The response to the cash offer in the Equifax data breach settlement has been so overwhelming, that we can't get it any longer.  We'll likely get more credit monitoring instead.

The only person I know who wasn't affected by the Equifax data breach in 2017 was my mom.  She doesn't shop online much and shares a credit card with my dad, and remains hidden enough that data breaches don't usually affect her.  Just about everyone else had to hassle with the breach and now seems to be looking for a part of the multi-million dollar Equifax Breach Settlement announced in July.

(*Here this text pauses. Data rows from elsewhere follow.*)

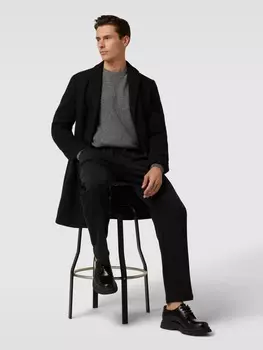 Пальто с воротником с лацканами McNeal, черный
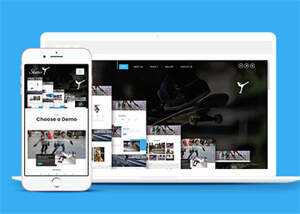 大气简约轮滑培训公司网站模板 - 简单网创项目资源网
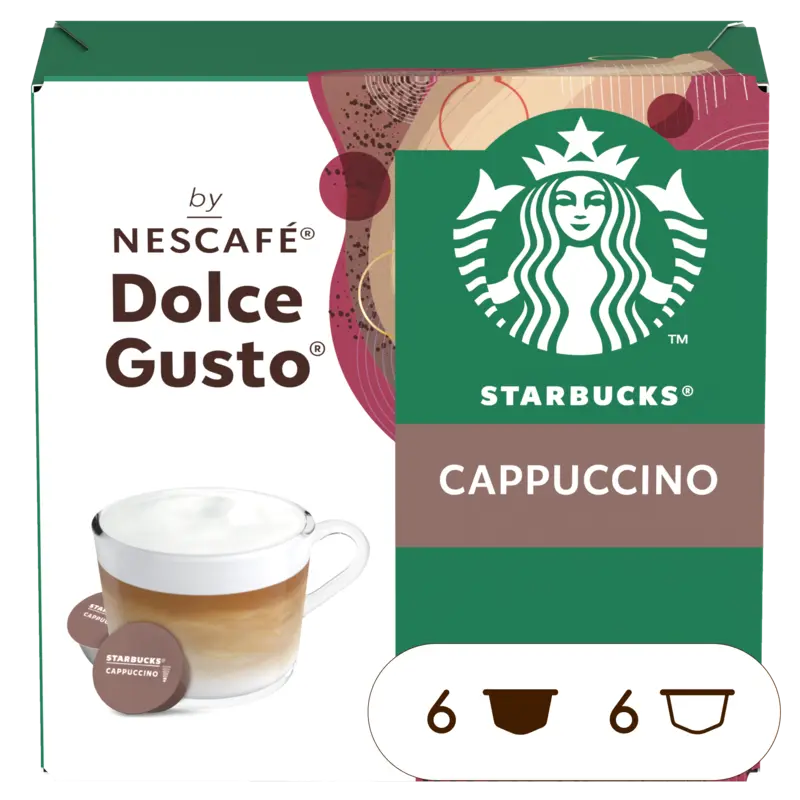 Starbucks Dolce gusto cappuccino capsules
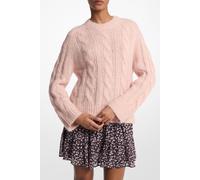Michael Kors Cable Knit Crew Sweater In Rosewater Pink Talla: S | Jerséis de Punto Outlet | Mujer | Rosa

Because of the overwhelming response to the initial cash offer of $125, the Federal Trade Commission says on its website that it's being replaced with a different option.  The FTC says, "Millions of people have visited this site in just the first week. Because the total amount available for these alternative payments is $31 million, each person who takes the money option is going to get a very small amount. Nowhere near the $125 they could have gotten if there hadn’t been such an enormous number of claims filed."

Okay, so what are our options now?  More credit monitoring.  But it's for a really long time, so the total cash value of that will be well over $125.  They're offering us free credit monitoring for up to ten years.

We can still file a claim for cash if we can prove losses from unauthorized charges to our accounts, and that we spent time dealing with the breach. We can be compensated $25 per hour up to 20 hours, according to the FTC.  The idea of gathering data and filling out forms sounds tax-season painful, but it could pay off for us if we do the work.

The deadline to file a claim is January 22, 2020, and the earliest the funds could be distributed is January 23, 2020.  The court has to approve the settlement before the funds can be dispersed.  It's worth a shot.